Caption-style text data
----------

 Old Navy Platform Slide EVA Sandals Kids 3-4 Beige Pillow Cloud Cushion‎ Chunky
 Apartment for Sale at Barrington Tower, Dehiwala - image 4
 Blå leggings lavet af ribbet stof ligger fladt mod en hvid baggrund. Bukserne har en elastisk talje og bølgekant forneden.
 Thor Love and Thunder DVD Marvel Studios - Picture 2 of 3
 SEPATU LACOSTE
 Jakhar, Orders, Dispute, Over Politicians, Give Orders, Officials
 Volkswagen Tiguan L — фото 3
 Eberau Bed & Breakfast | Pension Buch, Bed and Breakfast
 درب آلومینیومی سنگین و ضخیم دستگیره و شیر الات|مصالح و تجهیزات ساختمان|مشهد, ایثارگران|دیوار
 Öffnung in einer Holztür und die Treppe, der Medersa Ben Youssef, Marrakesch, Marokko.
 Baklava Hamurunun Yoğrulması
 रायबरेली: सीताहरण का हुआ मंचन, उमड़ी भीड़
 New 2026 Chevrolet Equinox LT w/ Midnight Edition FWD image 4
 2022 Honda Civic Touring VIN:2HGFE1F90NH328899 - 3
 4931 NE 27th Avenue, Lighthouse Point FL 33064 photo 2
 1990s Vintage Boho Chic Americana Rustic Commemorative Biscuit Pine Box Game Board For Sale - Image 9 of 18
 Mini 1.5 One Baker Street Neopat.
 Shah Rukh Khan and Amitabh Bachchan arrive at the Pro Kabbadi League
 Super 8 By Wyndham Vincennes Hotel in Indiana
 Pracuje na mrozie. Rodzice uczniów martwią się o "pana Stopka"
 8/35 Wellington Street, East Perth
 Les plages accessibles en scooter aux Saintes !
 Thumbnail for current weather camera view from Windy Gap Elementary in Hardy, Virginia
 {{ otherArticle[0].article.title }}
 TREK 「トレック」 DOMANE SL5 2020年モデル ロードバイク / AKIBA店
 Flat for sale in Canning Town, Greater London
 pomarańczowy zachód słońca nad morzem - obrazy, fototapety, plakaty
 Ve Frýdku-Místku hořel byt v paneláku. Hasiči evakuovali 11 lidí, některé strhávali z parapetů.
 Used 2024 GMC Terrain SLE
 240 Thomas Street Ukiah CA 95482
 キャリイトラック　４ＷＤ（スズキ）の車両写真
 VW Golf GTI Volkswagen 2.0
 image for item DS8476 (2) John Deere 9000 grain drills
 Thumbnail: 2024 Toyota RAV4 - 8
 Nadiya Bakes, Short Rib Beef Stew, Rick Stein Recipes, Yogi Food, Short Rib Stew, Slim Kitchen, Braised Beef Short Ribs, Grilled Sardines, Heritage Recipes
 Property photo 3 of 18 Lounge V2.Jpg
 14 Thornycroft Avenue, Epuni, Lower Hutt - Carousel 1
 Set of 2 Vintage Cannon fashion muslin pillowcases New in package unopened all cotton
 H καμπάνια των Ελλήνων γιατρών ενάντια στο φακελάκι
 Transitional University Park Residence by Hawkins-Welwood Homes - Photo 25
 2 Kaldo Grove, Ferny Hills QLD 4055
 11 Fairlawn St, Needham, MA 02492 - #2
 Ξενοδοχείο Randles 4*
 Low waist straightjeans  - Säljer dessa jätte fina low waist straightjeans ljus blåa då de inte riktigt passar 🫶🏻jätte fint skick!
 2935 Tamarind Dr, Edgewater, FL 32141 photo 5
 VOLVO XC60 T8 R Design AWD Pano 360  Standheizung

----------

EXERCISE DETAILS. Word for word, restate the lines above from the line containing "Apartment for Sale" through the line containing "درب آلومینیومی سنگین", with both included and nothing else.

RESULT OF THIS EXERCISE.
 Apartment for Sale at Barrington Tower, Dehiwala - image 4
 Blå leggings lavet af ribbet stof ligger fladt mod en hvid baggrund. Bukserne har en elastisk talje og bølgekant forneden.
 Thor Love and Thunder DVD Marvel Studios - Picture 2 of 3
 SEPATU LACOSTE
 Jakhar, Orders, Dispute, Over Politicians, Give Orders, Officials
 Volkswagen Tiguan L — фото 3
 Eberau Bed & Breakfast | Pension Buch, Bed and Breakfast
 درب آلومینیومی سنگین و ضخیم دستگیره و شیر الات|مصالح و تجهیزات ساختمان|مشهد, ایثارگران|دیوار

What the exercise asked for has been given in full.